Como se recorda, Allende, por não ter obtido maioria absoluta e sim apenas 36,5% dos votos na eleição presidencial, teve sua eleição confirmada pelo Congresso após assinar um termo afirmando que respeitaria a Constituição. Ao final de seu governo, 80% da economia estava em poder do Estado. Allende, que nunca fez segredo de sua ligação com a Unidade Popular, o MIR, os partidos comunista e socialista, do qual era militante, e o Movimento de Unidade Popular Unitária (MAPU), tão logo assumiu a presidência colocou em liberdade todos os militantes do MIR e, entre eles, diversos líderes ganharam a liberdade - Luciano Cruz, Miguel Enriquez, Edgardo Enriquez, Humberto Sotomayor, Sergio Zorrila, Bautista Von Schouwen, Joel Marambio e seu sobrinho Andrés Pascal Allende, filho de sua irmã, deputada Laura Allende -, que se encontravam presos por diversos delitos, entre os quais expropriações a bancos, cometidas no governo anterior. 

Um dos guerrilheiros então libertados, Adrian Vasquez, foi imediatamente nomeado presidente do INDAP-Instituto de Desarrollo Agropecuario. O MIR, através de Andrés Pascal Allende mantinha contatos com setores democráticos das Forças Armadas.
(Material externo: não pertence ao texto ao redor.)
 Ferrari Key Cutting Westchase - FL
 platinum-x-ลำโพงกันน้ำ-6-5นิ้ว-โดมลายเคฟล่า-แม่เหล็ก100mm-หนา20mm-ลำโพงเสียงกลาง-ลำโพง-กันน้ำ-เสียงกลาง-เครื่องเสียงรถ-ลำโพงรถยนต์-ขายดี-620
Nesses setores democráticos, muitos militares eram militantes miristas.

Um dólar, quando Allende assumiu o governo, valia 20 escudos e, em setembro de 1973, quando foi deposto, o dólar estava a 2.500 escudos. Ou seja, uma inflação de cerca de 12 mil por cento! Dos cerca de 3 mil produtos domésticos básicos, 2.500 não eram encontrados pelo povo. Em 7 de setembro de 1973, quatro dias antes de sua deposição, Allende declarou publicamente que havia farinha de trigo somente para mais três dias.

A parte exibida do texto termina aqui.